Door de overheid ingerichte ‘creatieve broedplaatsen’ leiden tot culturele getto’s, meent Robert Thiemann van designblad Frame. “Het wezen van de creatieve geest is dat hij gaat waar een ander niet gaat.”

Voor de ontwerper blijft het sappelen

Voor een blad dat wereldwijd de toon zet op het gebied van interieurontwerp, zit de redactie van Frame er ietwat bekrompen bij. Op de begane grond van een jaren zeventig pand aan de Amsterdamse Lijnbaansgracht zijn enkele tussenmuren doorgetikt, waardoor vier winkelpanden kruip-door-sluip-door aan elkaar zijn gekoppeld.

“We zijn op zoek naar wat anders”, zegt hoofdredacteur Robert Thiemann, “maar we zitten hier relatief goedkoop. In Amsterdam is moeilijk iets te vinden dat geschikt én betaalbaar is.”
Tien jaar geleden richtte hij met Peter Huiberts designblad Frame op. Een ambitieus project: een Engelstalig blad dat wereldwijd moest aanslaan. De tijd was er rijp voor, vonden ze. Nederland was hot op het gebied van vormgeving, de economie was booming en ze waren wat uitgekeken op het wat suffe vakblad waar ze voor werkten.
De beginjaren waren niet gemakkelijk. Thiemann: “We leden ont-zet-ten-de verliezen. Als de uitgever niet zo in ons had geloofd waren we in no time over de kop gegaan.”
Tien jaar en een management buy out verder – het duo is inmiddels mede-eigenaar – is Frame een winstgevend blad met een betaalde oplage van 30.000.
Het zag er aanvankelijk helemaal niet naar uit dat Robert Thiemann (Maastricht, 1964) in de vormgeving zou belanden. Hij studeerde scheikundige technologie aan de TU Eindhoven, maar was er snel achter dat daar niet zijn hart lag. Een grillig carrièrepad leidde via baantjes in de pr en de reclamewereld tot de journalistiek. Daar leerde hij Peter Huiberts kennen, met wie hij in 1997 Frame begon, gericht op zakelijke interieurs. Thiemann: “Bij het inrichten van het semi-publieke domein, zoals ziekenhuizen, cafés, musea en bibliotheken heb je je te verhouden tot de omringende werkelijkheid.”

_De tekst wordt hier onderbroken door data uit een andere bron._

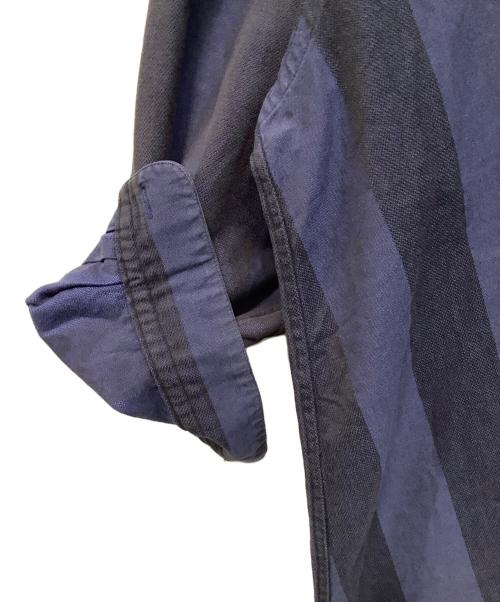 ISSEY MIYAKE（イッセイミヤケ）ISSEY MIYAKE (イッセイミヤケ) 長袖カットソー ブルー サイズ:Ｌの古着・服飾アイテム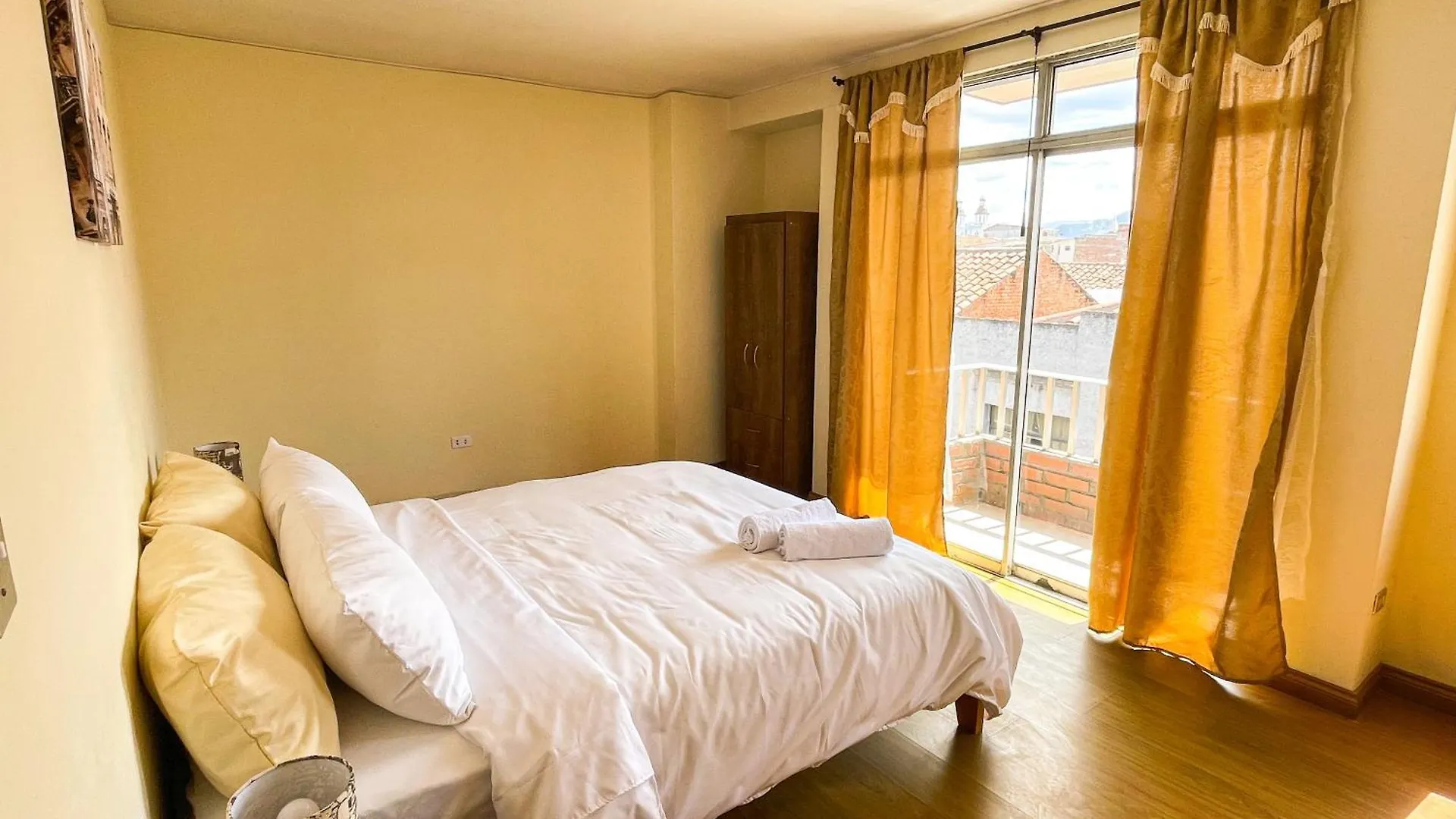 Cathedral View 150M2 3Br 2Ba + Netflix Apartment Cuenca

Heeft Frame een rol gespeeld in de internationale faam die Dutch Design heeft vergaard?
“We hebben een wereldberoemde Design Academy in Eindhoven, met studenten uit Turkije, China, Korea en Singapore. Velen van hen zijn via Frame in aanraking gekomen met Dutch Design. Het internationale succes van Nederlandse vormgevers komt vooral door hun conceptuele benadering: het is vormgeving die vooral over vormgeving gaat. De internationale doorbraak van Droog Design, met mensen als Hella Jongerius, Jurgen Beij en Richard Hutten, was doorslaggevend.
Buitenlandse vormgevers gaan anders te werk. Ze denken bij het ontwerpen van een stoel aan de gebruiker, de maker, de distributeur en de verkoper. Een Nederlander daarentegen gaat nadenken over de zitting, de poten, de leuning. Hoe noodzakelijk zijn die eigenlijk? Kan het ook anders?

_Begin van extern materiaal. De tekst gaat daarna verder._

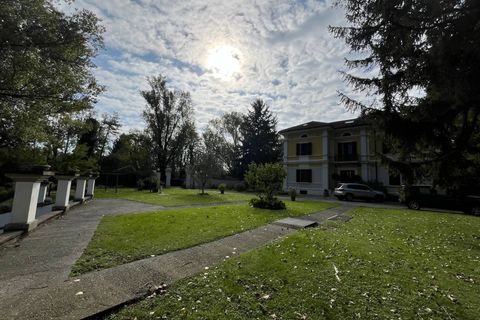 Villa a Mantua, Mantua, Mantua - € 5.000/mes | Ref: 6100 - foto 22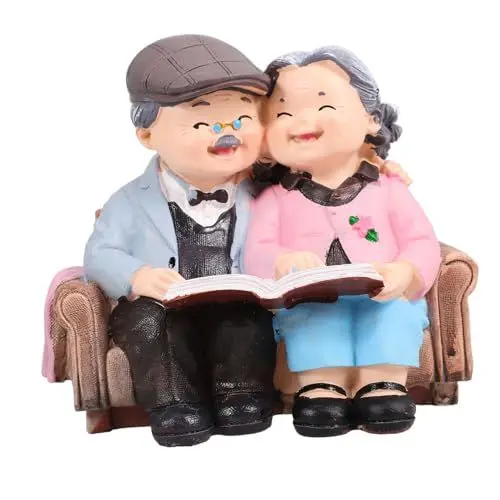 Produktbild: OFFSCH Großeltern Liebespaar Figuren Einzigartige Harz-Dekorationen für Schlafzimmer und Tisch Perfektes für Hochzeiten Geburtstage und Jubiläen Miniatur-Ornamente für Garten und Dollhouse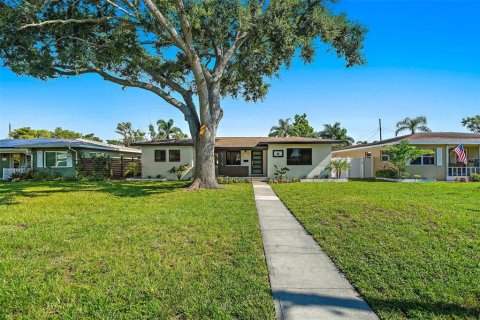 Villa ou maison à vendre à Saint Petersburg, Floride: 2 chambres, 102.19 m2 № 1905001 - photo 6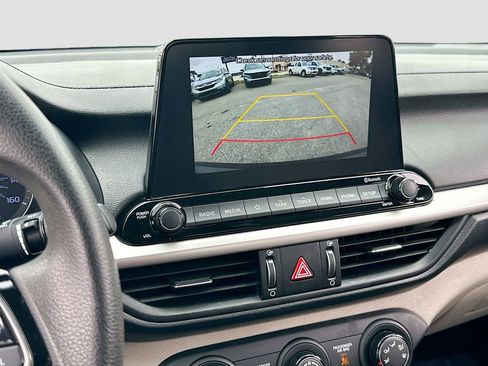 Used 2020 Kia Forte LXS FWD image 13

Nederlanders bedrijven vaak ego-vormgeving: ze kijken wat ze van zichzelf in een ontwerp kwijt kunnen. Slimme en vakbekwame designers als Marcel Wanders hebben de reputatie van Dutch Design te gelde gemaakt door hun ontwerpen dienstbaarder te maken zonder het conceptuele uit het oog te verliezen.
Maar het beeld vertekent. In het buitenland denkt men dat al die Nederlandse ontwerpers financieel binnenlopen. Niets is minder waar. Op twee of drie na zitten ze allemaal te sappelen.”

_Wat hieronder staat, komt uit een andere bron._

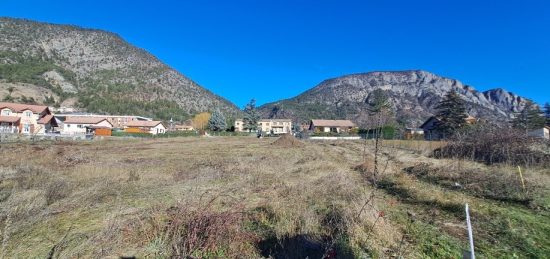 Terrain à bâtir à Espinasses, Provence-Alpes-Côte d'Azur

Conceptuele vormgevers stellen zich steeds meer op als autonome kunstenaars. Ze presenteren zich in galeries en musea, hun limited editions zijn onbetaalbaar. Is dat een goede ontwikkeling?
“Deze trend is ontstaan sinds de nieuwe rijken uit niet-Westerse landen hun opwachting maakten. Qua prijs is hun niets te dol. Aan de andere kant is de gangbare brood-en-boter vormgeving aanbeland waar de modernisten honderd jaar geleden naar toe wilden: democratisch design. Iedereen kan tegenwoordig een stoel van Jesper Morrison kopen.”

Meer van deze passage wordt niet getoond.